OXCE checks for several DLLs in Windows/system32. While it is unhealthy to just copy DLLs from WinXP SP3 to Win2000, you can hex edit the exe to look for the DLLs in the wrong spot, or for a wrong filename (easiest). A fallback is then executed to look for the missing DLLs in the installation folder.
Then download the DLLs that are looked for in their WinXP SP3 version and put them into installation folder.
Next you have to hex edit those DLLs inside the installation folder to prevent themselves to look for other DLLs in Windows/system32. A wrong name works well here, too. Again a fallback is executed and the DLLs from the installation folder are used.
Once the DLLs are setup properly, one has only to edit the exe in case it is replaced.
This procedure completely bypasses the installed windows version.
It is possible this would work even down to Win95, but may require additional DLLs to be butchered.
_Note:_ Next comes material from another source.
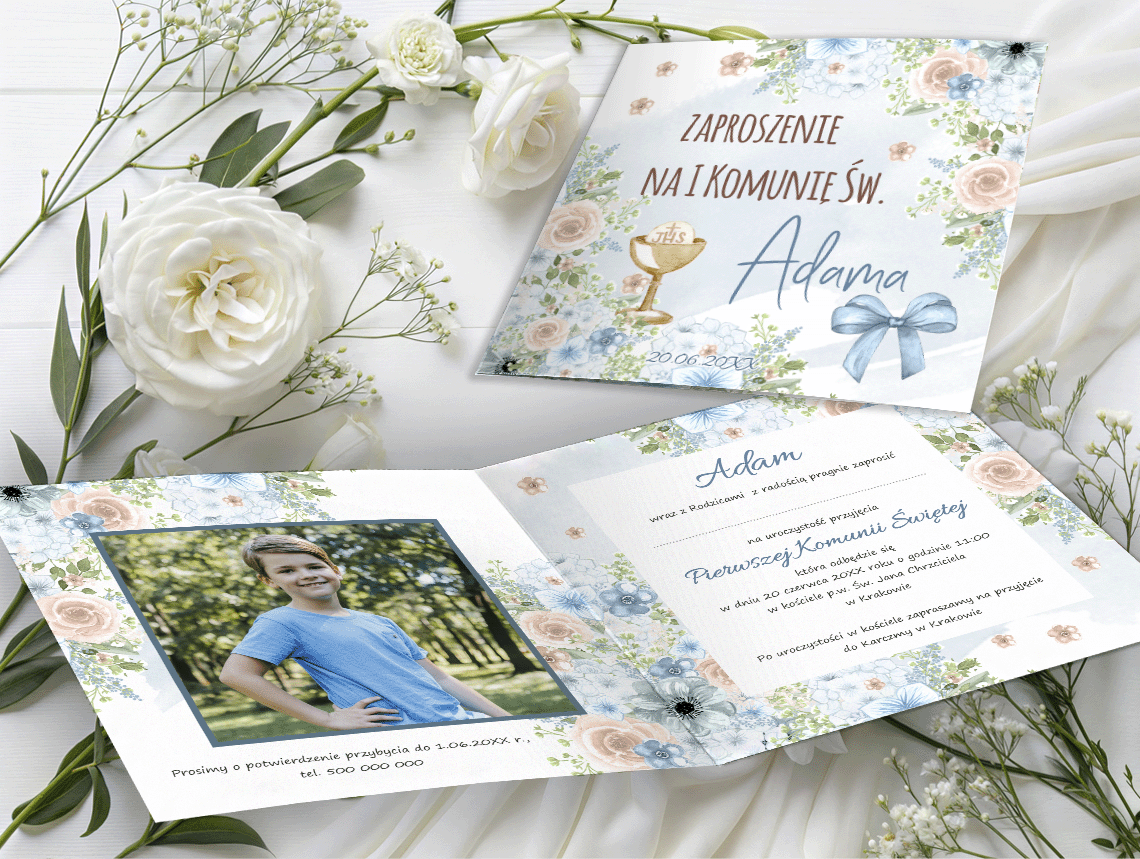 Kwadratowe ze zdjęciem - K162 - obrazek 2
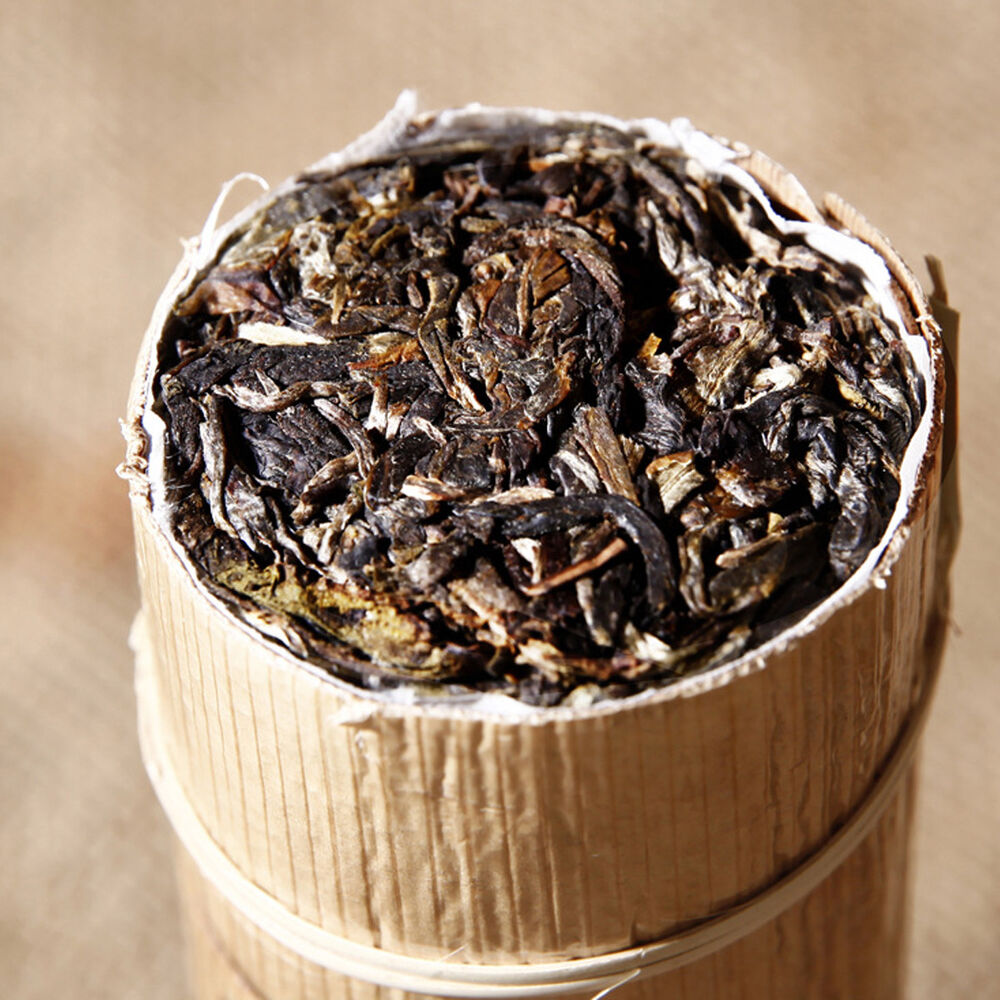 Yunnan BingDao Old Pu'er Tree Healthy Drink500g Cha Puer Tea Bamboo Package-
I'll test that in a quiet minute on one of my really old machines.
The new guide is great. This makes things a whole lot easier especially for people who have zero experience with MinGW compilers. Well done.
EDIT
There are a lot of differences to the exe I got from Meridian/the Piratez mod.
My exe is 17 MB instead of 11 MB, does check for additional DLLs, and does not have the alien head icon, but dos prompt icon.